Second, we-in-Christ have been blessed with forgiveness and redemption (Eph1:7-8a). A part of the blessedness belonging to the Father’s household is forgiveness. In Eph3:18, Paul measures out the unfathomable “breadth and length and height and depth” of God’s love. Forgiveness requires these vast dimensions to cover sin’s wide spread. In addition to unburdening our souls of sin’s shame, this blessedness also brings us back to something better, a redemptive reality for which we were always designed.

Third, we-in-Christ have been blessed with an eschatological hope (Eph1:8b-10). While many end times or apocalyptic discussions often focus on more nightmarish imagery, here Paul finds blessed assurance that in Christ, all things, in heaven and earth, are being brought into submission to Christ’s cosmic rule. Whenever we look around and exasperatedly lament “What is the world coming to?”, this point of blessedness boasts that God is sovereignly moving all history towards a good future in which Christ has the last word in everything.

Fourth, we-in-Christ have been blessed with a heritage of holy ones (Eph1:11-12). Right relationship with God isn’t restored simply so we can dispense with living in right relationship with others. Within the Father’s household we have been blessed with family. In Christ, we’ve been given the gift of each other. This Church community gives visible expression to restored harmony with humanity. As the earthly body of big brother Jesus, we are God’s resurrection people, worthily embodying the kind of community that demonstrates to the world what reconciliation to God, creation, and each other is supposed to look like. Holiness in a vacuum is always incomplete; holiness is harmonized in the blessedness of being with and belonging to each other.

Finally, we-in-Christ have been blessed with the presence of God’s personhood (Eph1:13-14). It is the head of the household who sets the standard and tone for what that household will be about. The Holy Spirit is the living dynamic by whom the Father perpetually puts His household in holy and harmonizing order. Throughout Ephesians Paul speaks of the Holy Spirit as the presence that provides us access to the Father, the power that strengthens our own inner spirit, the mediator through whom Christians are unified and Christian living is aligned, and the outfitter who clads us in the protections of Jesus’ person. By shaping in us ever-maturing personhood of Christ, the Holy Spirit is the blessing through whom all God’s blessedness is continually conveyed.

How might this concept of Biblical blessing impact the Church?

First, it establishes in our minds and hearts the foundational fact that, in Christ, we are already blessed. Many of the other popular usages nurture an anxious waiting and wanting for a blessedness we are prevented from realizing we have already received in Christ.

Second, it presents God’s blessedness within a framework that promotes wholesomeness rather than fragmented or compartmentalized living.
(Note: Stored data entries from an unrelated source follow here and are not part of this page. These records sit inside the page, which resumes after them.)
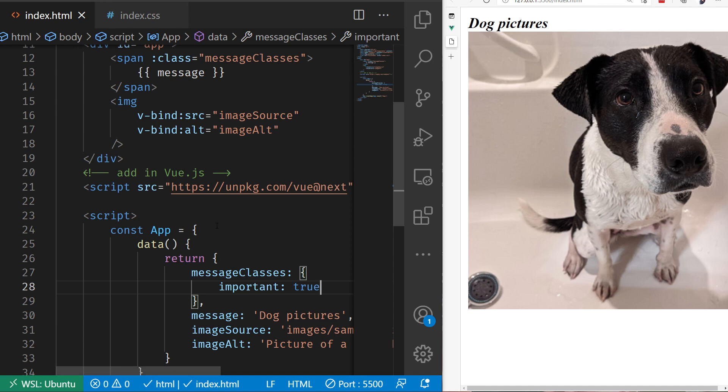Then again, if I revert that back to false, it would then go back to the default. That's how you can take advantage of the shortcut class binding inside of Vue to be able to very quickly modify and change the way that an item is going to be displayed by using CSS classes.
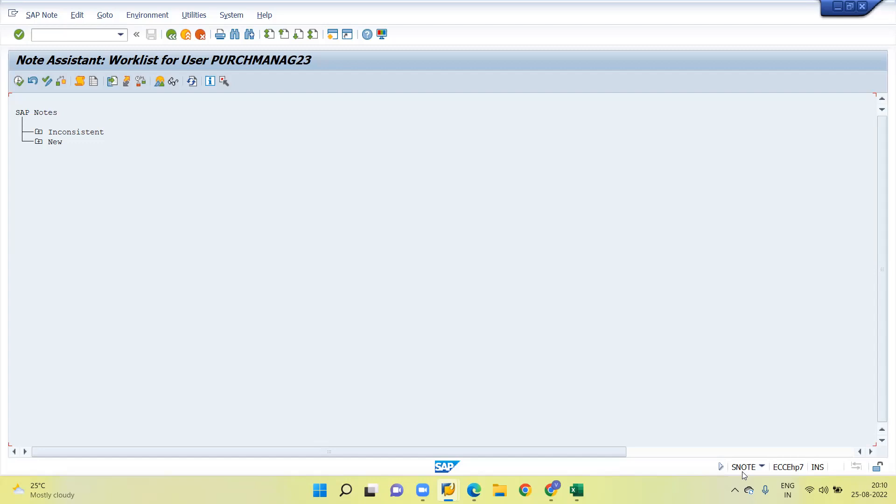This is the end scenario—how to raise OSS notes and how to get S notes and work with the basis system to implement the notes. Hope you understand the content. Thank you.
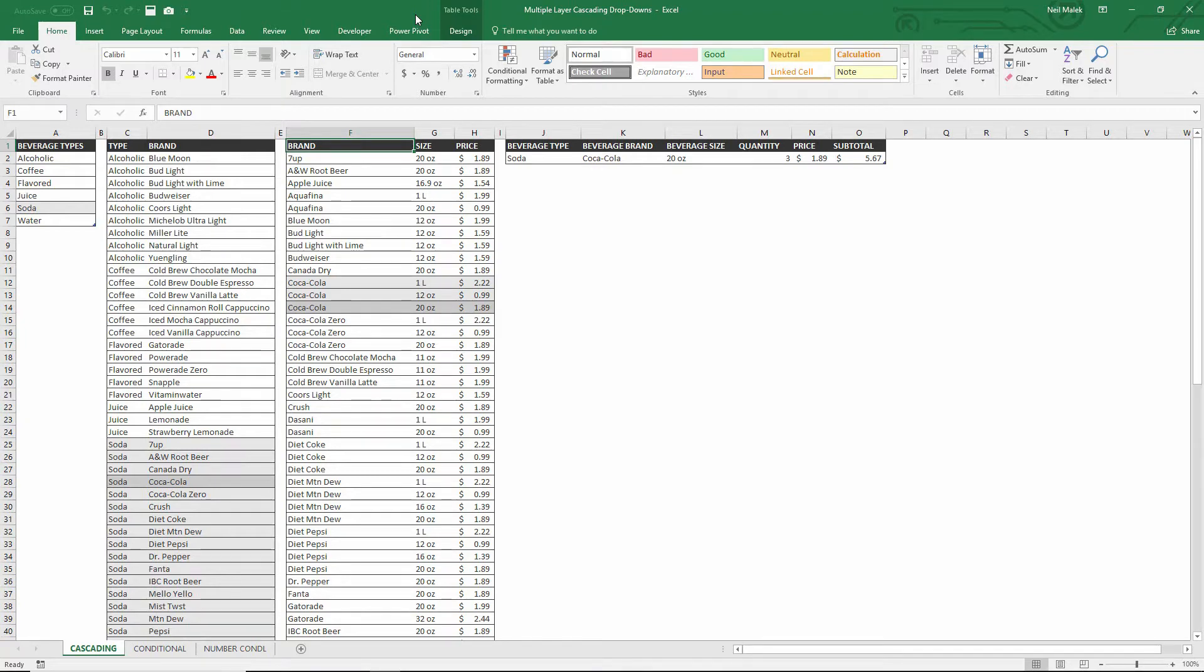My name is Neil Malek from Knack Training, and in today's Everyday Office video, I'm going to show you how to create what are called either dependent or cascading drop-down menus.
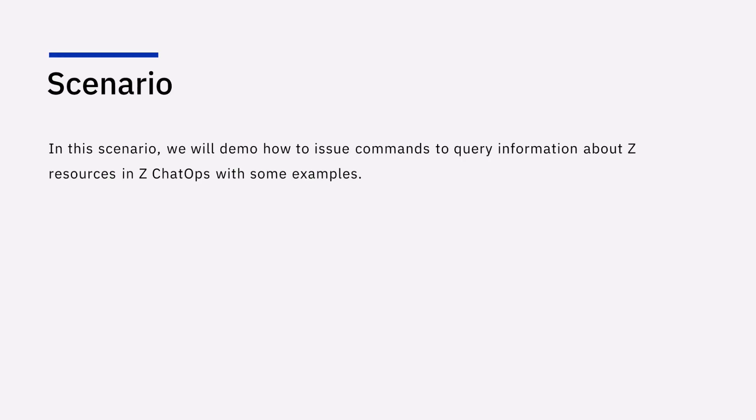In this scenario, we will demo how to issue commands to query information about Z resources in Z ChatOps with some examples.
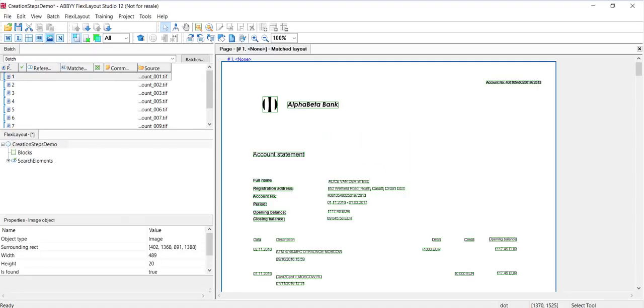We'll discuss creating blocks next. A FlexiLayout block corresponds to an area on an image from which data is to be captured, that is to say OCR'd by FlexiCapture. Blocks indicate the type of data possibly located in the specified area. We'll get to that a little bit later.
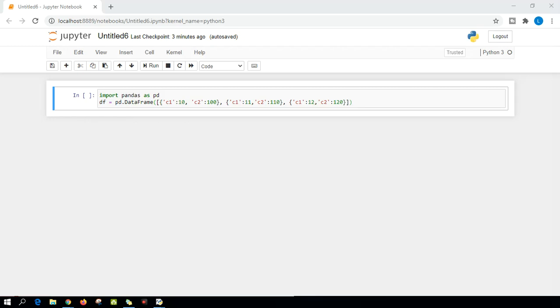Hi friends. Today we are going to learn how to loop through each and every row using Python Pandas.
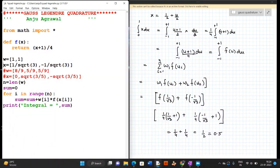Now we will program this problem using Python. We first define the function which returns x plus 1 over 4, since for this problem f(u) equals u plus 1 over 4. Since we are using the two-point formula, the weights are declared as a list with two elements and the abscissae as another list with two elements. The variable n stores the length of the weights list, so for the two-point formula n equals 2.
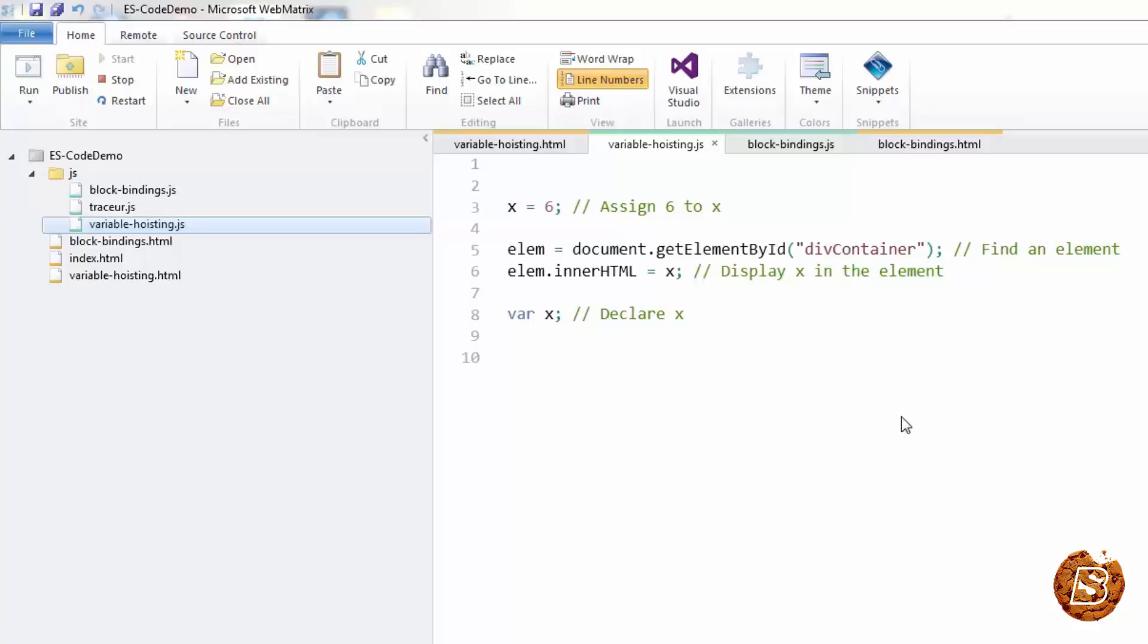In JavaScript, a variable can be declared after it has been used. In other words, a variable can be used before it has been declared. Over here, in this example...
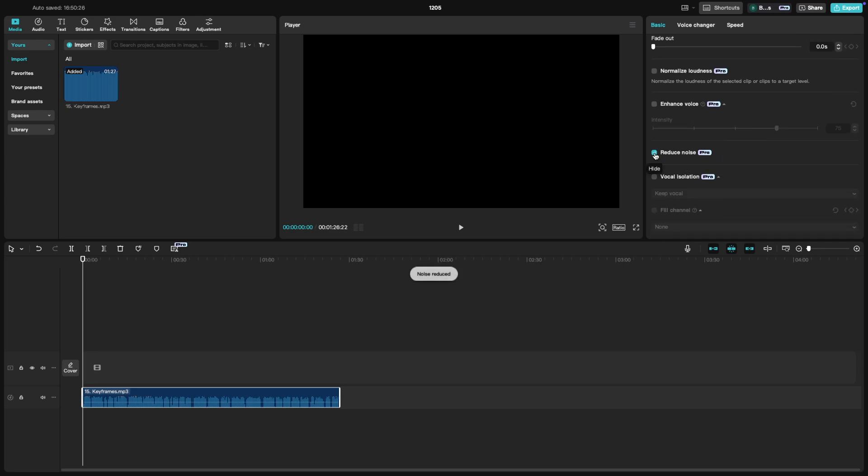As soon as you do, CapCut will analyze the audio and reduce the background noise automatically. While CapCut doesn't provide a slider for fine-tuning noise reduction, you can export and reprocess the audio in CapCut for more adjustments if required.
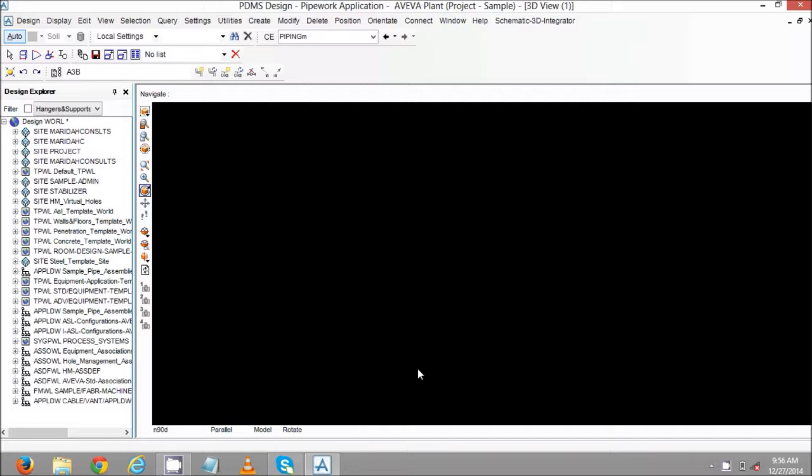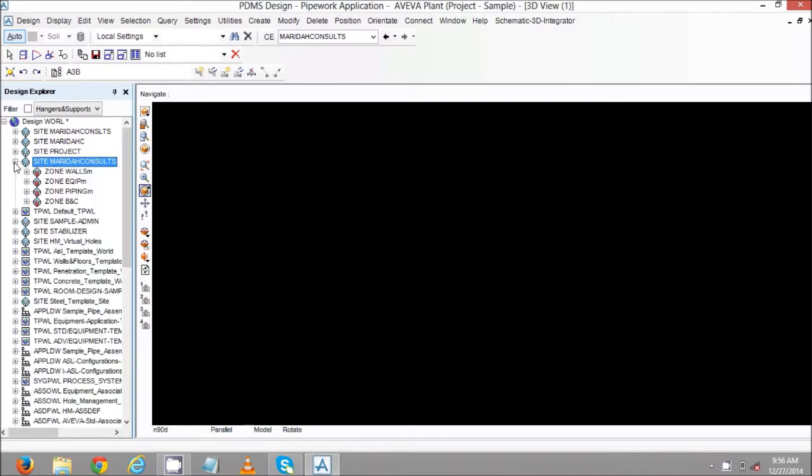So for us to create the MTO, we select the site we use to create the MTO for. For example, we use to create an MTO for all the pipes under site Marida Consult. So we expand the site, then we locate the zone, which is the zone for piping.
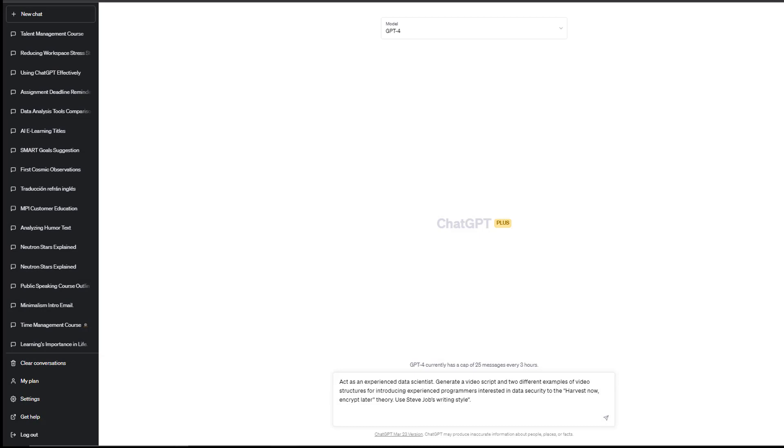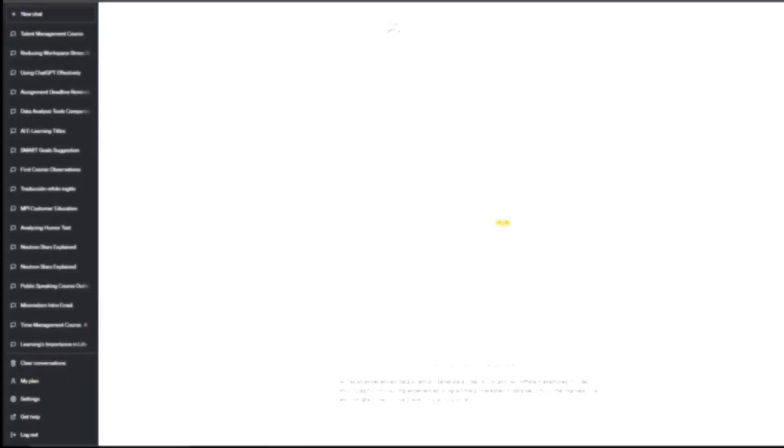Prompt number three: generate instructional video scripts. Here's the example for that. Act as a... and specify the role. Here we got experienced data scientist. Generate a video script and two different examples of video structures for... specify your audience. Here we got introducing experienced programmers interested in data security to the harvest now and creep later theory. Use Steve Jobs' writing style.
This blessedness begins as the heavenly reality God’s Spirit shapes in our spirits on Earth, then gradually correlates into the physical and emotional expressions we all deeply desire to experience as humans—assurance, actualization, affirmation, community, hope, purpose.

Third, it stirs us to active engagement. Continually waiting and praying for a blessedness we’re unaware we already possess in Christ passively undermines the Church’s witness and mission. Realizing we-in-Christ are already blessed moves us away from our passivity of perceived lack and empowers us to actively live from out of the abundance of God’s blessedness.

My prayer is, not that God would bless you, but that you would awaken to the blessedness God has already abundantly poured out in Christ—a home made of His holiness, a belonging made of each other, a redemption restoring humanity, a view to the blessed end, and a presence that permeates and empowers for His purposes. May it be the foundation from which your faith is lived forth.